§ Dataset entries

* * * * *

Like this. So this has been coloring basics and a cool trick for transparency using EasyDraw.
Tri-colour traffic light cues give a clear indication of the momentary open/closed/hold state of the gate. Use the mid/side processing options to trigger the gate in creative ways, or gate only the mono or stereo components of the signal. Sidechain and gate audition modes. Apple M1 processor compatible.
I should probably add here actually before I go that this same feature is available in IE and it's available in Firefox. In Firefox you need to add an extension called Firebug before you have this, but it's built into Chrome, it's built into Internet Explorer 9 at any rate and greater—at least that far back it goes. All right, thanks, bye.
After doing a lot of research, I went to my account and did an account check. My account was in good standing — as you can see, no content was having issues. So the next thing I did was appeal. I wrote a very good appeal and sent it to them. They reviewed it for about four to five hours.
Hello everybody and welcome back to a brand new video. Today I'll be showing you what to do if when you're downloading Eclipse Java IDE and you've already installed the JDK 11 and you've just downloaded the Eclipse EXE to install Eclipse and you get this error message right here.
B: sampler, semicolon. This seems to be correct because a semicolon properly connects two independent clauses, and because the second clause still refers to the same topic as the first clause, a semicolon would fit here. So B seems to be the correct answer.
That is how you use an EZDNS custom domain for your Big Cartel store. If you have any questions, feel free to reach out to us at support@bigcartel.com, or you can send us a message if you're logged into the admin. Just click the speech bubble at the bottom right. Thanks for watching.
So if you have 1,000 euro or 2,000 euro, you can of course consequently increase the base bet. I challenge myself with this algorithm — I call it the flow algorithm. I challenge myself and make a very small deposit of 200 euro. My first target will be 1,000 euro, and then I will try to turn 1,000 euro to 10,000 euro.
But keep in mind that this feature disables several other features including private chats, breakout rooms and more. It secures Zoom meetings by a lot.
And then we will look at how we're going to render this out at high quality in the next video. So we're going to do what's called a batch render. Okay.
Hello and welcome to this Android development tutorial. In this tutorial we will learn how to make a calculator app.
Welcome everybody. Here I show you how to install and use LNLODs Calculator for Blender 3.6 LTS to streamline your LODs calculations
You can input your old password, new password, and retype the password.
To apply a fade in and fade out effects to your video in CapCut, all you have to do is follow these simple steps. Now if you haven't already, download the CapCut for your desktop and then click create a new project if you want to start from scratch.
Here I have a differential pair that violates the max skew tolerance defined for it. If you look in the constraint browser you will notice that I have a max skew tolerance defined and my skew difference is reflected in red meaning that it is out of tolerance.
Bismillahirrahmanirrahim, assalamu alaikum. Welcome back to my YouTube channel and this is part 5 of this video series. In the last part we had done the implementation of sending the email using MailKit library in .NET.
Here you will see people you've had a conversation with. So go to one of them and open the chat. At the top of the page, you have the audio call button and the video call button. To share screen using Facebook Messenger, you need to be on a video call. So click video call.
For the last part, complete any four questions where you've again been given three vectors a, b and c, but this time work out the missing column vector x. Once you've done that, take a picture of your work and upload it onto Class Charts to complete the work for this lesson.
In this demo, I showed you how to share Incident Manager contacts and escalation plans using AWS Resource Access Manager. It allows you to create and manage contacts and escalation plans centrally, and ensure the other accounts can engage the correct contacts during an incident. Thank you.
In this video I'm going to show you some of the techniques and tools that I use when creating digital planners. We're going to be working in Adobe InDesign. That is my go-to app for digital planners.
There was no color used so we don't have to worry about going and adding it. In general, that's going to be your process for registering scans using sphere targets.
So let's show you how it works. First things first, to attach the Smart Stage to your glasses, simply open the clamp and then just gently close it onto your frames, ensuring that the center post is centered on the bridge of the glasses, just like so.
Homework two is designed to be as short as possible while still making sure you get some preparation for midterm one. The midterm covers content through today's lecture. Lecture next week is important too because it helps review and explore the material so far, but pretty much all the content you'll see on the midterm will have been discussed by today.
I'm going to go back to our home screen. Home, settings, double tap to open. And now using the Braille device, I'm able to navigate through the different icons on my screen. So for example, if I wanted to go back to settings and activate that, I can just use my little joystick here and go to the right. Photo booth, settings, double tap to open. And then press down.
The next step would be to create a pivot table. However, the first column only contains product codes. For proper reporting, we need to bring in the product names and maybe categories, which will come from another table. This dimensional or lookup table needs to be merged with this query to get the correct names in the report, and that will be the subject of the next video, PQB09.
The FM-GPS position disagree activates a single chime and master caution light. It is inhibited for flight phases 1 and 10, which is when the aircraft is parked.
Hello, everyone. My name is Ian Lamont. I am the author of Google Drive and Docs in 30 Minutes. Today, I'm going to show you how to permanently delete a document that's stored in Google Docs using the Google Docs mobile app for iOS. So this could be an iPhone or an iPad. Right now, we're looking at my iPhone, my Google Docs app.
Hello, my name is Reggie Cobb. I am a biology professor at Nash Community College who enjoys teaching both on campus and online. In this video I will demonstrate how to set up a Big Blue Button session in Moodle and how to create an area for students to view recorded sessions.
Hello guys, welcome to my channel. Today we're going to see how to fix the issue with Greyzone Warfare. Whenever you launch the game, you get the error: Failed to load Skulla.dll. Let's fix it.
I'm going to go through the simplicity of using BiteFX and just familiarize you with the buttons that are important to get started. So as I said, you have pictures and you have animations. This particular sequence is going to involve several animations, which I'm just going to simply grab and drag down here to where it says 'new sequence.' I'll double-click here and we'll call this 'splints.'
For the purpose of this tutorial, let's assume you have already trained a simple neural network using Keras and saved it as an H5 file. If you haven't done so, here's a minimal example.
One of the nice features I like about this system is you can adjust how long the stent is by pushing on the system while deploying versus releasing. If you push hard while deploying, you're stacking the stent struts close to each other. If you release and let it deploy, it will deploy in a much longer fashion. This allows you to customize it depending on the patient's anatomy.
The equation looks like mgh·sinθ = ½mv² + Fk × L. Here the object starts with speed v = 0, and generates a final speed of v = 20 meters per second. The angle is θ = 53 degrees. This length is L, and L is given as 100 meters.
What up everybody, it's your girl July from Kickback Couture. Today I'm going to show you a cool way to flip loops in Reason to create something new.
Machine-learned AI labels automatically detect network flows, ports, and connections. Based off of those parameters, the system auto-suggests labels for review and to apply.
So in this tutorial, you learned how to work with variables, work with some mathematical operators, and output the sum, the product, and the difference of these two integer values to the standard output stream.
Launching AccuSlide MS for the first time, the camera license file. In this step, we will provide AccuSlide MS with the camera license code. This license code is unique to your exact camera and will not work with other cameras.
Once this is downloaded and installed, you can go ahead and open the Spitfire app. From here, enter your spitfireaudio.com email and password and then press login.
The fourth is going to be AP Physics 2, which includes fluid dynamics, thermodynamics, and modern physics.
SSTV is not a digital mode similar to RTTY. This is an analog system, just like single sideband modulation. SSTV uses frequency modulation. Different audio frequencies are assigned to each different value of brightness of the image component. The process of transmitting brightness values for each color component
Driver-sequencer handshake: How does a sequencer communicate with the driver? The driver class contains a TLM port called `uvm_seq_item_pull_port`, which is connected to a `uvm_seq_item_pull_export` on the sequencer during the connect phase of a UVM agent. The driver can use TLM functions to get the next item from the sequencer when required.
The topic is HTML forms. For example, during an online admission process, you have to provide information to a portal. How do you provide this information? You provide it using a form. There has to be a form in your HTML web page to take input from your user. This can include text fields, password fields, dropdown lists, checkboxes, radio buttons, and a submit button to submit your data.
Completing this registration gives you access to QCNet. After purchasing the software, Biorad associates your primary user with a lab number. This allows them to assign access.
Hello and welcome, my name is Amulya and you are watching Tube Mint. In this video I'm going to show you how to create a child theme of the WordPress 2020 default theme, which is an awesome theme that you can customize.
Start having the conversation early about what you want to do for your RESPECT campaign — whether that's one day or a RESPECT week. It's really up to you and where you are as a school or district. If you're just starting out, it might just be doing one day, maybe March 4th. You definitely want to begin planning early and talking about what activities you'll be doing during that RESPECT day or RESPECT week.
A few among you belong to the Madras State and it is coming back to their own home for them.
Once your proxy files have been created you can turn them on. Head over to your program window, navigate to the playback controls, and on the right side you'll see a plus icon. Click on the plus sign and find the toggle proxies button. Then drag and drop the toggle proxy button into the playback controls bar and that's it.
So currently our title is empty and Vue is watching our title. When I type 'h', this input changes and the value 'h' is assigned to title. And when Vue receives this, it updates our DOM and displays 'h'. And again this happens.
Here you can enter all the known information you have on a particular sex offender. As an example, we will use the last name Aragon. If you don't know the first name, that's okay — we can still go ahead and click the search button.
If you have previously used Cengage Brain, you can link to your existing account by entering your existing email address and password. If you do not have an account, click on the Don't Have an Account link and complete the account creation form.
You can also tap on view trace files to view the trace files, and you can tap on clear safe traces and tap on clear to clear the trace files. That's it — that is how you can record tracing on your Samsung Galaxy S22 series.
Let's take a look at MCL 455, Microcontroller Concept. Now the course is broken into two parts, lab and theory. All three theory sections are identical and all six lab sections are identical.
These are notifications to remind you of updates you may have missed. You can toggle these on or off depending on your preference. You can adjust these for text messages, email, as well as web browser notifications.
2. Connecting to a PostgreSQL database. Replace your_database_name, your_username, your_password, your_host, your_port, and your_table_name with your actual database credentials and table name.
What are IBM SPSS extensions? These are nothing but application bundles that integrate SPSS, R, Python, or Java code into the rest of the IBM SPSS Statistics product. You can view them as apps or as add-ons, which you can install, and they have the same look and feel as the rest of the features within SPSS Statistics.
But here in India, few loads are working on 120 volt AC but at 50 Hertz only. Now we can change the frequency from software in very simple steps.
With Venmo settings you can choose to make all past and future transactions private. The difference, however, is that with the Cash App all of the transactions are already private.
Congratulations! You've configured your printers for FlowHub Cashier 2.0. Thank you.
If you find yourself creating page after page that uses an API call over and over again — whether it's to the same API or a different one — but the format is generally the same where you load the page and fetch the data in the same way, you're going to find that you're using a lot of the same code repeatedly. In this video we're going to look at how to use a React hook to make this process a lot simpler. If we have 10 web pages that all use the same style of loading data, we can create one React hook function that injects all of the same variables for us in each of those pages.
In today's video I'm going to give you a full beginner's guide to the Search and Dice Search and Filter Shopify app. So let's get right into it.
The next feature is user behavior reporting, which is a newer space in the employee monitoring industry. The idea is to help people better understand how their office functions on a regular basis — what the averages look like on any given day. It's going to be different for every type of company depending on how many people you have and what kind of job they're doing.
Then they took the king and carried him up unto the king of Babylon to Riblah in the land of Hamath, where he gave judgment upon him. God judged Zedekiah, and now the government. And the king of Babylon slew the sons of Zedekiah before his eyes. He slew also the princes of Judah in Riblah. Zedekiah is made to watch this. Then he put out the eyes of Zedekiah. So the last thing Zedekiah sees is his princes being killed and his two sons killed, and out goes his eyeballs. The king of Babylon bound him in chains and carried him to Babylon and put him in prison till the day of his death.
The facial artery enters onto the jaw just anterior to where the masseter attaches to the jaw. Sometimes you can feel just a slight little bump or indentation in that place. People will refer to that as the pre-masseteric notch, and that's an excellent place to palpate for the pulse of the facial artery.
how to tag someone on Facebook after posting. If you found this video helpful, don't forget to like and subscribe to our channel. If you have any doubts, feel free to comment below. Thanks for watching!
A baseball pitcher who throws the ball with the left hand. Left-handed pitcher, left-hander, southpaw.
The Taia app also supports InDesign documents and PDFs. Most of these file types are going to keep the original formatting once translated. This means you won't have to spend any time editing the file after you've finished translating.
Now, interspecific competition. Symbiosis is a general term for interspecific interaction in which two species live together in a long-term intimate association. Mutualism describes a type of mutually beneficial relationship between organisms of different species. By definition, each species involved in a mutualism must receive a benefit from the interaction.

* * * * *

Of all the entries above, repeat only the lines from the line that has "What up everybody, it's" to the line that has "The topic is", both lines included, exactly.

What up everybody, it's your girl July from Kickback Couture. Today I'm going to show you a cool way to flip loops in Reason to create something new.
Machine-learned AI labels automatically detect network flows, ports, and connections. Based off of those parameters, the system auto-suggests labels for review and to apply.
So in this tutorial, you learned how to work with variables, work with some mathematical operators, and output the sum, the product, and the difference of these two integer values to the standard output stream.
Launching AccuSlide MS for the first time, the camera license file. In this step, we will provide AccuSlide MS with the camera license code. This license code is unique to your exact camera and will not work with other cameras.
Once this is downloaded and installed, you can go ahead and open the Spitfire app. From here, enter your spitfireaudio.com email and password and then press login.
The fourth is going to be AP Physics 2, which includes fluid dynamics, thermodynamics, and modern physics.
SSTV is not a digital mode similar to RTTY. This is an analog system, just like single sideband modulation. SSTV uses frequency modulation. Different audio frequencies are assigned to each different value of brightness of the image component. The process of transmitting brightness values for each color component
Driver-sequencer handshake: How does a sequencer communicate with the driver? The driver class contains a TLM port called `uvm_seq_item_pull_port`, which is connected to a `uvm_seq_item_pull_export` on the sequencer during the connect phase of a UVM agent. The driver can use TLM functions to get the next item from the sequencer when required.
The topic is HTML forms. For example, during an online admission process, you have to provide information to a portal. How do you provide this information? You provide it using a form. There has to be a form in your HTML web page to take input from your user. This can include text fields, password fields, dropdown lists, checkboxes, radio buttons, and a submit button to submit your data.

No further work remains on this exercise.